Fierce Mother Love: A Meditation on Presence

11 Dec

That’s my working title anyway.

I saw/received/ had the idea for this drawing last week and sketched it out in the margin of some notes I was taking. I originally saw a bat in the central spot where the face is now. An upside down bat, like a gargoyle – I was thinking Gothic Cathedral, Notre Dame style gargoyles.

And now…a presence. This Presence. Oh my.

Certainly she’s been called a bat, a crone, a hag, an old lady. Probably worse. Most definitely worse.

All I know is that from where I sit, those word concepts do not jive with this Lady. This is fierce Mother Love. A uncompromising Love for Our Planet and Every Thing that dwells there upon. All encompassing. All devouring. All embracing. The prevailing wind.

That’s what this place, this cathedral forest seeks. Lovers of change, of motion, of life in the tumultuous moment. Those still centers that can witness Life in its endless cycling; unafraid.

Nurturing, holding, keeping, supporting, restoring, preparing, sustaining, soothing, reflecting: being with.

I am held. My new mantra.

I’ve finished two more forests and will post them soon-ish. These Forests are meditations, I think. Guides coming through? Hands/help reaching/piercing the veil.
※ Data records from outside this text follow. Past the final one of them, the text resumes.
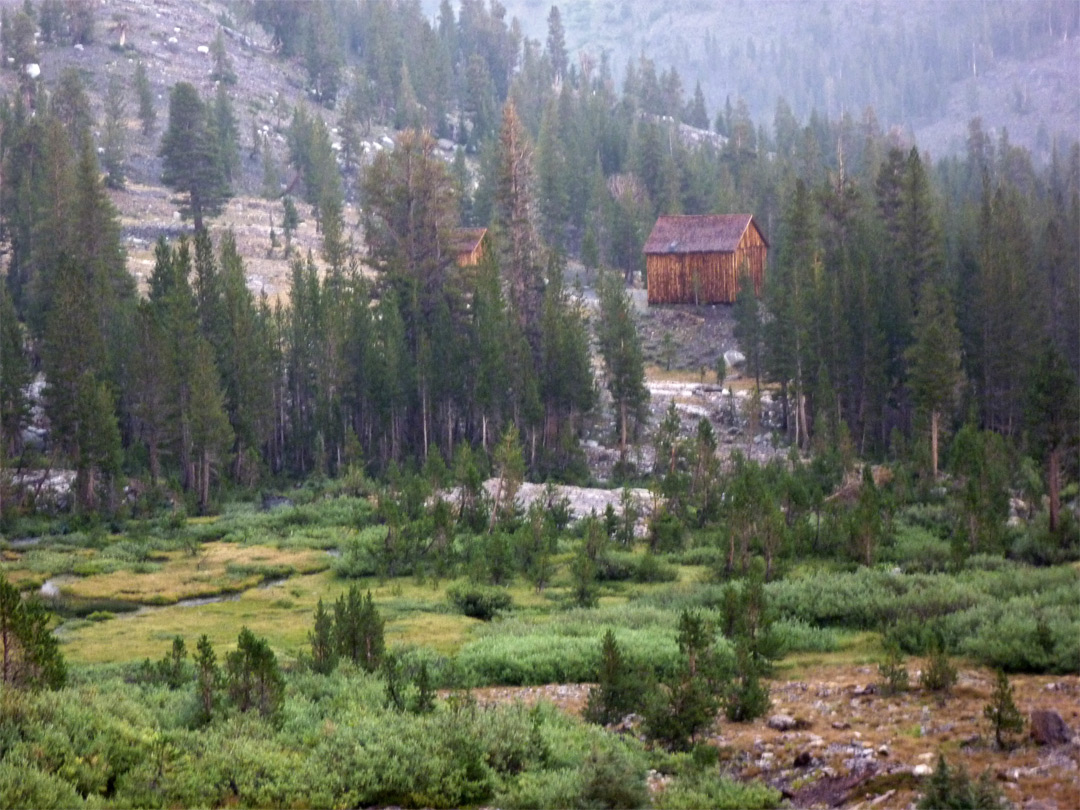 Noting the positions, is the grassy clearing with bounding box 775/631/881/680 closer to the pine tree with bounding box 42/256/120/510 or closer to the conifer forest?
the conifer forest

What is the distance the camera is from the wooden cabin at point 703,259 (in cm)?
7838

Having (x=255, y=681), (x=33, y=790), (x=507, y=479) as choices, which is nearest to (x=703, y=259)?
(x=507, y=479)

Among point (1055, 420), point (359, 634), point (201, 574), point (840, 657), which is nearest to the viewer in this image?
point (359, 634)

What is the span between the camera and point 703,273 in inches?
3108

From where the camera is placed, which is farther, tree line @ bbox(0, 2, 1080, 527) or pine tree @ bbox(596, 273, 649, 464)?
pine tree @ bbox(596, 273, 649, 464)

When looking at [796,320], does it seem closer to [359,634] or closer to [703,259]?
[703,259]

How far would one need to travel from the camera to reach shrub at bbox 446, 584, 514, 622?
93.8ft

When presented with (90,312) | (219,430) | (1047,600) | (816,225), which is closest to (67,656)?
(1047,600)

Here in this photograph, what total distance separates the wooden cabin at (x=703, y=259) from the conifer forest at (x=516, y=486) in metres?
0.87

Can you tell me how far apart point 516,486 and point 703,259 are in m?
44.1

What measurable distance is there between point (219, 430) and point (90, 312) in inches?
284

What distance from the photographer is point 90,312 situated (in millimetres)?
49219

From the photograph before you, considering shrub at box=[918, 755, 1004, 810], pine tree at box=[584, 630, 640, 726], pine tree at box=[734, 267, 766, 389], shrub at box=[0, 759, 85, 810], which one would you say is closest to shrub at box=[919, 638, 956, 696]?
pine tree at box=[584, 630, 640, 726]

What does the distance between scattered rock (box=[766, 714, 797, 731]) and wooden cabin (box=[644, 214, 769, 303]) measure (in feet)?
204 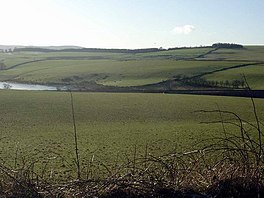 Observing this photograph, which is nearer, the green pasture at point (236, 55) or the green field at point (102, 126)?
the green field at point (102, 126)

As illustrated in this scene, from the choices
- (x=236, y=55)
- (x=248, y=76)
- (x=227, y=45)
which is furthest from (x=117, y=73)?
(x=227, y=45)

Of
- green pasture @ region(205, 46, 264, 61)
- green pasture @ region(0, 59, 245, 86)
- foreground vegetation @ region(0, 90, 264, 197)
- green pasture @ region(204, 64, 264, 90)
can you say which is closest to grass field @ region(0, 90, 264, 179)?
foreground vegetation @ region(0, 90, 264, 197)

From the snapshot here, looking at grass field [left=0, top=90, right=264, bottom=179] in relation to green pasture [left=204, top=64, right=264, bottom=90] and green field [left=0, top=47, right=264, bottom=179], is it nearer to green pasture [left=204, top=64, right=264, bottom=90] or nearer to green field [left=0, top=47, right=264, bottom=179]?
green field [left=0, top=47, right=264, bottom=179]

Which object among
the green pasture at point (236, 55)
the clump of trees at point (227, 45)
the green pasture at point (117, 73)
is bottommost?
the green pasture at point (117, 73)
There are better metaphors maybe, but these work for now. For me, this drawing feels/confirms that I/we are not alone. And today, that is a very kind and welcome thought.

🙏❤️

Balancing Light and Dark: Lessons from the Moon Cycle

29 Mar


A little project of mine since forever.
In the cycle of the moon, it is the First Quarter Moon.
half light half dark
Balanced
Poised…
a choice point.
Tomorrow, I will walk out into my world under a Gibbous Moon, ideally, with a sense of wonder, delight, desire and adventure.
The word commitment is often paired with the1st Quarter Moon and for me it’s becoming a conscious commitment to the practice of ‘getting my heart in the right place’ – opening up and out to the World.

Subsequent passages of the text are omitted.